Today, August 7, is the last day of this year’s World Breastfeeding Week.
World Breastfeeding Week (August 1 to 7), observed in more than 170 countries, is coordinated by the World Alliance for Breastfeeding Action (WABA), a global network of individuals and organisations concerned with the protection, promotion and support of breastfeeding worldwide based on the Innocenti Declarations, the Ten Links for Nurturing the Future and the WHO/UNICEF Global Strategy for Infant and Young Child Feeding.
Breastfeeding is considered a key contributor to the survival of infants, children and mothers, and a component that improves their health, development and wellbeing both in both the short and long terms.
Breastfeeding, as it is known, has long-term benefits for babies as it reduces the baby’s risk of infections, cot death (Sudden Infant Death Syndrome-SIDS), childhood leukaemia, type 2 diabetes, obesity and cardiovascular disease later in life. For mothers, the more they breastfeed, the greater the benefits are as it lowers the risk of breast cancer, ovarian cancer, osteoporosis, cardiovascular disease and obesity among others.
This year, the event is being held on four thematic areas- Nutrition, Food Security and Poverty Reduction; Survival, Health and Wellbeing; Environment and Climate Change; and Women’s Productivity and Employment.
As per the WABA, under-nutrition, including sub-optimal breastfeeding, underlies 45% of all deaths of children under 5 annually. It highlights that breastfeeding is a vital part of sustainable development and a non-negotiable component of global action to end malnutrition.
The organisation propagates that increased rates of exclusive and continued breastfeeding can only be achieved by cooperating and collaborating across sectors and generations: that breastfeeding is not just a woman’s issue or the sole responsibility of a woman- the protection, promotion and support of breastfeeding is a collective societal responsibility shared by all.
WABA also sheds light that breastfeeding contributes to the environment and climate change as breastmilk substitute industry carries a negative environmental impact. It says that formula production and consumption generates greenhouse gas (GHG) emissions which accelerates global warming: 720,450 tonnes of milk formula sold in 6 Asian countries generated almost 2.9 million tonnes of GHG. This is apparently equivalent to nearly 7000 million miles driven by an average passenger vehicle or 1.03 million tonnes of waste sent to landfill sites, an it is also estimated that more than 4000 litres of water are needed to produce 1 kg of breastmilk substitute powder.

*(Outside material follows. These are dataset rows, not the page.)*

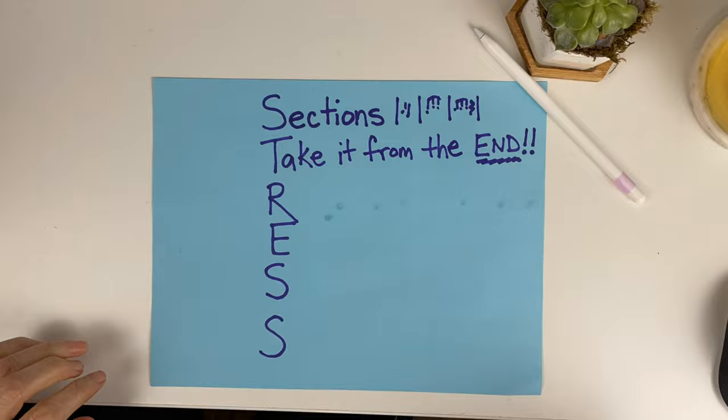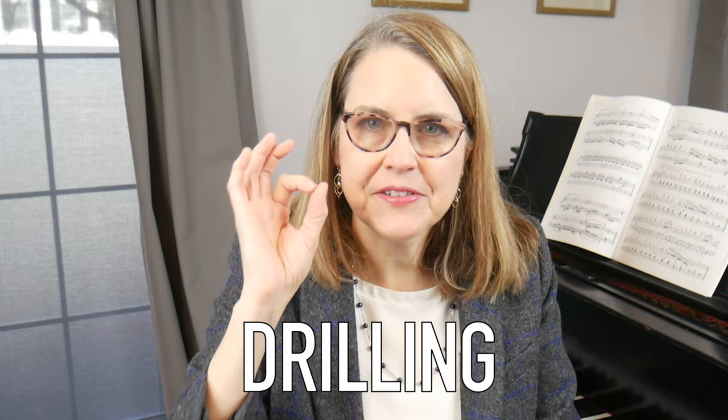The third letter in my system is R, which stands for repeat until comfortable. You're going to work from the last section, choose a chunk from the end that makes musical sense — like a musical gesture of some kind — and repeat it correctly multiple times. This is drilling, and it's crucial to the learning process. The number of reps I recommend is between five and eight. What you're looking for is feeling that something in your hands is changing as a result of the reps — you'll feel like it's starting to sink in and you're ready to move on to another fragment.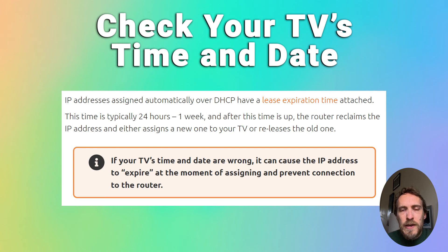You should also check that there's no problems with IP lease expiration. Your router will assign an IP address to your Roku TV or stick, but this will be assigned for a set period of time and then the IP address will either be renewed or replaced with a different IP address by your router. But if the time and date on your TV is wrong and that time and date is outside of the IP address range that the router is providing, then there'll be a mismatch and your TV will not be able to use the IP address provided by your router.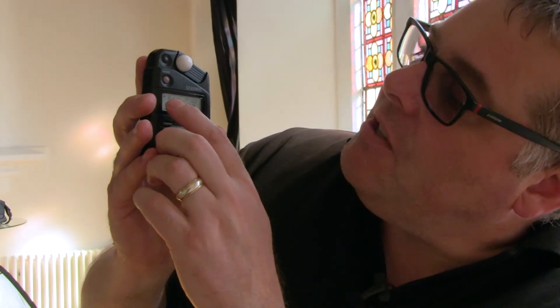The meter gives us three readings: ISO, shutter speed, and aperture. I want an aperture of f4 because my lens is only f4. But that means I'd have to shoot at a 50th of a second, and I shake too much — I'm an old bloke. So I need to adjust the shutter speed by changing the ISO.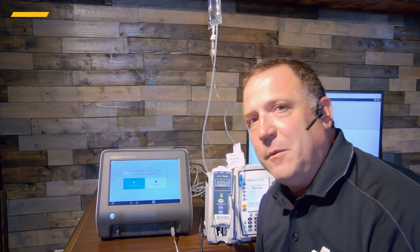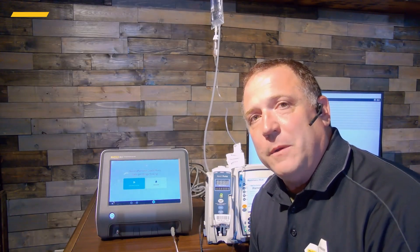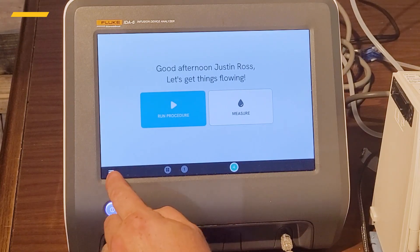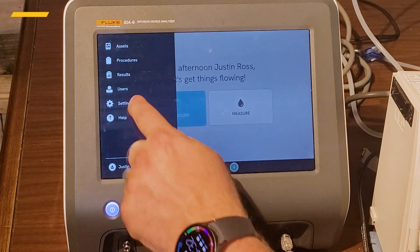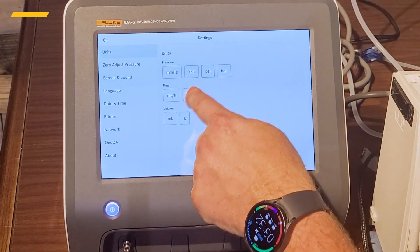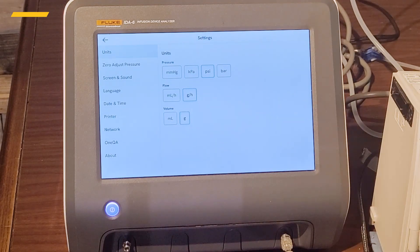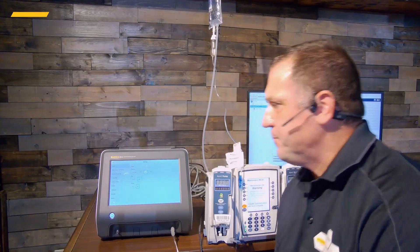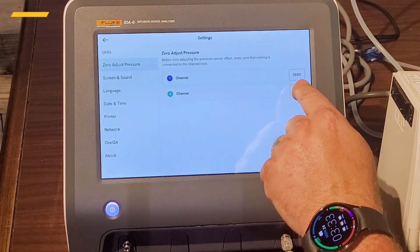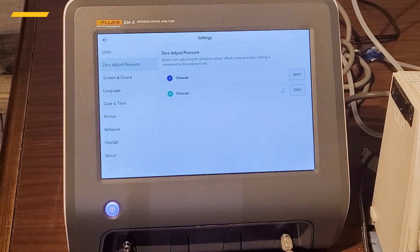Alaris likes to read everything in grams, grams per hour, and PSI for the pressures. So let's go into Settings, then Units, and set PSI, grams per hour, and volume to grams. I should also mention: if you've moved your AIDIS-6 recently in elevation — maybe from the mountains down to the seaside — you'll want to go ahead and zero out your pressure transducers to make sure you get good zeroed readings.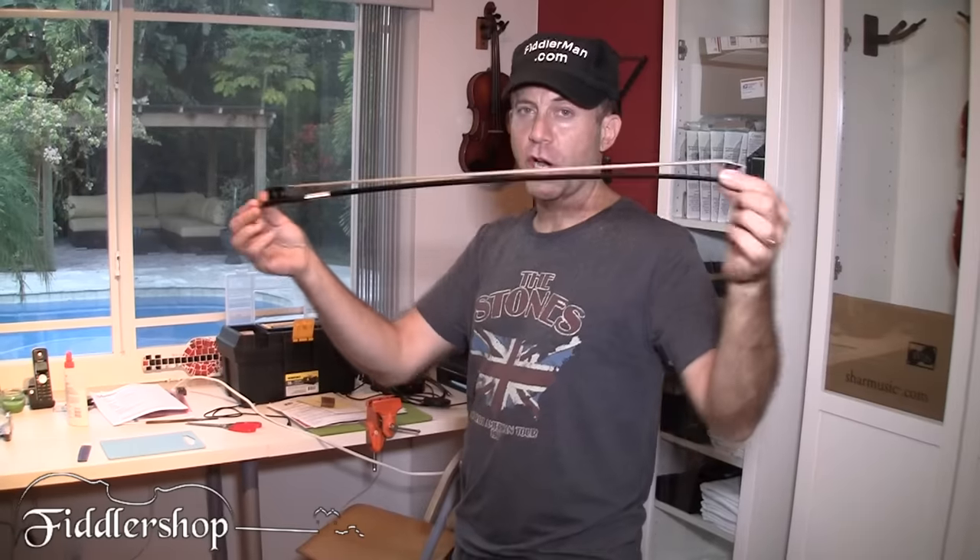Hey, I'm FiddlerMan, and I have this carbon fiber bow that has hardly any hair left — it's been used for over a year. I want to see just how strong these carbon fiber bows are, because you hear a lot of people say they're unbreakable.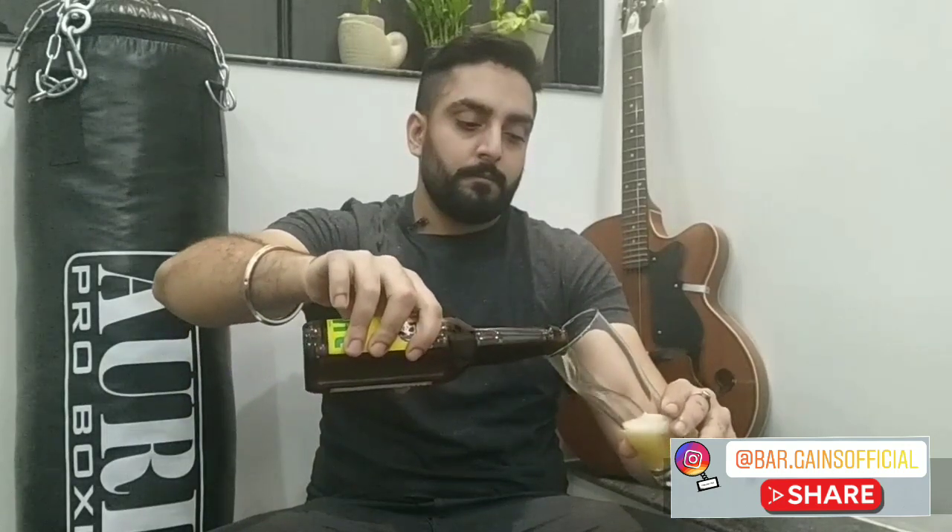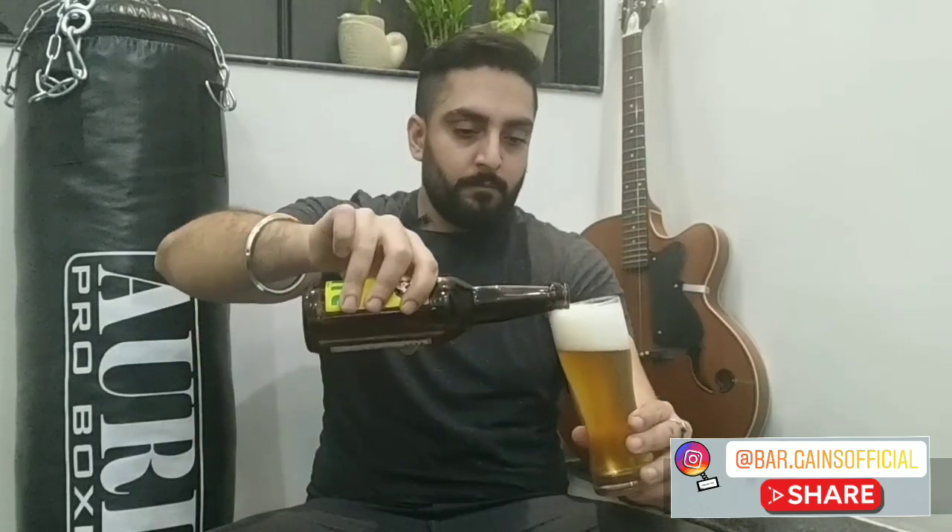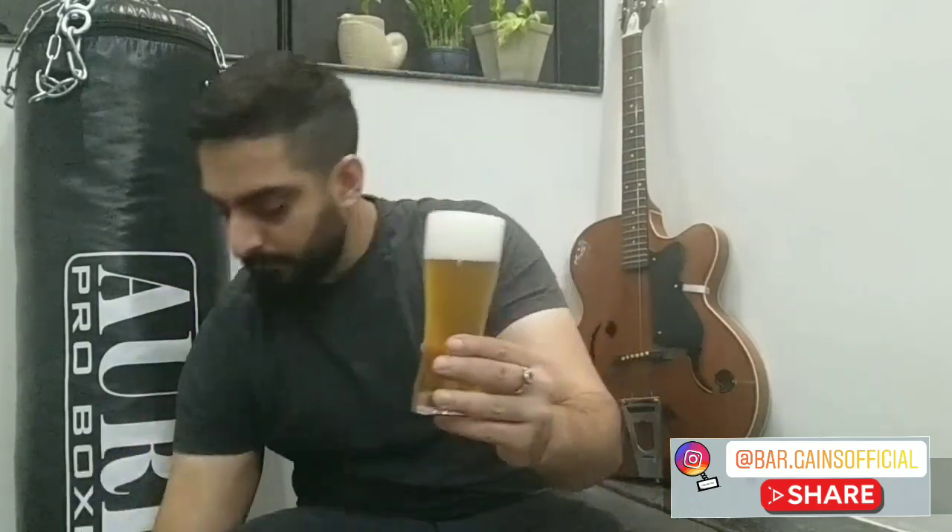It's quite different from other wheat beers in the market. This kind of beer is either consumed in a Weizen glass or a tumbler. We are going to use a Weizen glass.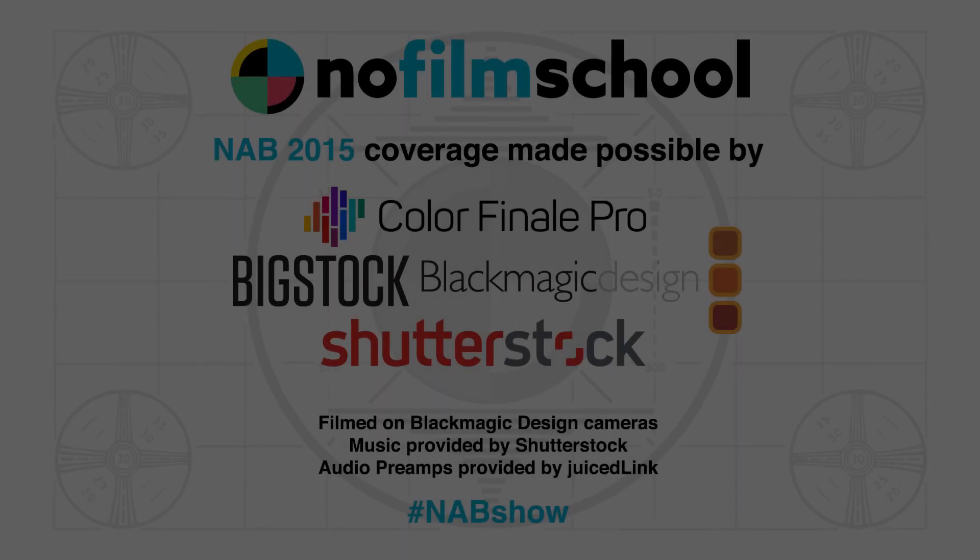Gordon, thank you so much. You're welcome. Very excited about this little unit. Hope you guys have a good, successful NAB. So far, so good — thank you, Rich.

The observation of the World Breastfeeding Week also aims at creating awareness that policies and legislation for maternity protection or protecting a woman’s right to breastfeed and work are essential. Breastfeeding is a part of the reproductive cycle and women should be able to combine breastfeeding and paid work without discrimination or disadvantage. According to WABA, every additional month of paid maternity leave decreases infant mortality rates by 13%.
There is an agreed goal for all governments to prioritise the World Health Assembly target for an increase in the rate of exclusive breastfeeding in the first six months upto at least 50% by 2025.
Accordingly, in India, the Central government has recently endorsed to grant six months maternity leave to its employees, and the Nagaland state government also assured to follow up on the same lines, but the current period is said to be three months. The paid maternity leave for government servants in the state might be a lot less than Iceland’s105.6 weeks of paid maternity leave to its mother employees, but three months is still a luxury comparing to mothers who are employed in the few existing private corporations.
On the other hand, while the world is campaigning to promote breastfeeding (anywhere), it is not unusual to hear about nursing mothers being asked to cover up, here in Nagaland or elsewhere.
However, it is encouraging that few churches and other institutions have introduced the “cradle room”, a lactation room in other words, allowing only mother and her baby some ‘privacy’. There is still a long way to go yet. If you are uncomfortable seeing mothers nursing their babies, do something. Show some respect. Create a private space for breast-feeding mothers, not because it is the law but because that is the right thing to do. It is worth mentioning here that the authors of ‘Breastfeeding Medicine’ study had argued that lactation rooms should be added to the design standards for buildings under the Americans with Disabilities Act.
Protection, support and promotion of breastfeeding entail more than caring for mother and child. The right to breastmilk is a basic human right. Breastfeeding helps early child development and also contributes to a better environment. It requires the emancipation of women.